Personal information
- Nationality: New Zealand
- Born: 13 November 1982 (age 43) Ribandar, Goa, India
- Height: 5 ft 4 in (163 cm)
- Weight: 51 kg (112 lb)

Boxing career

= Siona Fernandes =

New Zealand Olympian, PhD, and public health advocate

Siona Fernandes (born 13 November 1982) is a New Zealand boxer. She transitioned from her roots as an Indian classical dancer to an Olympian. Fernandes holds a Doctor of Philosophy, as well as tertiary degrees in psychology, sport, and exercise, coupled with a Bachelor's in Performing Arts. Her doctoral research explored the wider determinants influencing sport and exercise habits among Indian migrants in Australia, with a focus on bridging research and policy.

==Biography==
Originating from India, Fernandes was the first female chosen from Goa for the Asian Basketball Games and earned the accolade of a 'child prodigy' from the Junior Chamber of India. Fernandes remains the first woman in the flyweight division to represent New Zealand in Boxing at any Olympic Games.

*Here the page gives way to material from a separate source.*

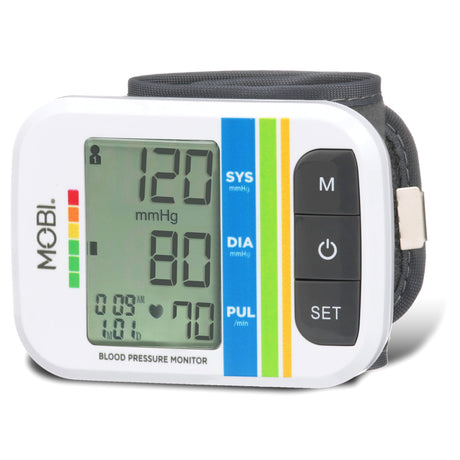 MOBI Health Wrist Blood Pressure Monitor, BP Monitor Irregular Heart Beat Detection Cuff Automatic with Large Display Screen Support Charging Supply for Home Use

She holds several titles and awards in sport including the title of the "Most scientific female boxer" in elite-level female boxing in New Zealand.

==Research and advocacy==
Beyond sports, Fernandes has led and published peer-reviewed journal articles and industry reports, delving into the realms of participation in sports and physical activities, as well as contributing to the discourse on public health.

==Public engagement==
Fernandes served as a New Zealand Olympic Sports Ambassador, promoting the values of Olympic sport at national and community levels. As a speaker and educator, Fernandes continues to advocate at the intersections of sports, academia, and public health discourse.